- TASK ITEM
I would like every line of the records below that contains the word "Stock" copied.

--- EXERCISE MATERIALS Enclosed Below ---

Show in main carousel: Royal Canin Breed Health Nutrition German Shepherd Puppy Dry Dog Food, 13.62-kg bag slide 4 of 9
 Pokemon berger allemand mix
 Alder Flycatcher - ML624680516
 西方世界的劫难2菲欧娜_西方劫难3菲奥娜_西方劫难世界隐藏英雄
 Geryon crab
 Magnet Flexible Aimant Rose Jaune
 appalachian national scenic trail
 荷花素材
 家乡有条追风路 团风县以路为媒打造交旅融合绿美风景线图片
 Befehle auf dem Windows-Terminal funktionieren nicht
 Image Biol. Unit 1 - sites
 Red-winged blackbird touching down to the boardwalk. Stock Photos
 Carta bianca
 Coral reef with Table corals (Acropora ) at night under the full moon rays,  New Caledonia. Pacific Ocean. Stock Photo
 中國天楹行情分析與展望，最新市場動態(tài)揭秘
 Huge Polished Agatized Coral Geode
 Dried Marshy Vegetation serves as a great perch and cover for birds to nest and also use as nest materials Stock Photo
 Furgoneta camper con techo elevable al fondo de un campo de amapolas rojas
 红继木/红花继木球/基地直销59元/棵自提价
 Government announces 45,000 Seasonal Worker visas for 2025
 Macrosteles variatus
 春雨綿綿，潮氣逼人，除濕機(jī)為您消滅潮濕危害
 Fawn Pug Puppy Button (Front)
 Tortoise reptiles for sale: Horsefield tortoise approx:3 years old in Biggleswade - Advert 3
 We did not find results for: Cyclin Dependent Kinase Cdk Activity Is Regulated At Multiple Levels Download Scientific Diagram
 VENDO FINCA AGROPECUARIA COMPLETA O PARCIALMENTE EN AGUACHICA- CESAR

--- End of Enclosed EXERCISE MATERIALS ---

- TASK ANSWER
 Red-winged blackbird touching down to the boardwalk. Stock Photos
 Coral reef with Table corals (Acropora ) at night under the full moon rays,  New Caledonia. Pacific Ocean. Stock Photo
 Dried Marshy Vegetation serves as a great perch and cover for birds to nest and also use as nest materials Stock Photo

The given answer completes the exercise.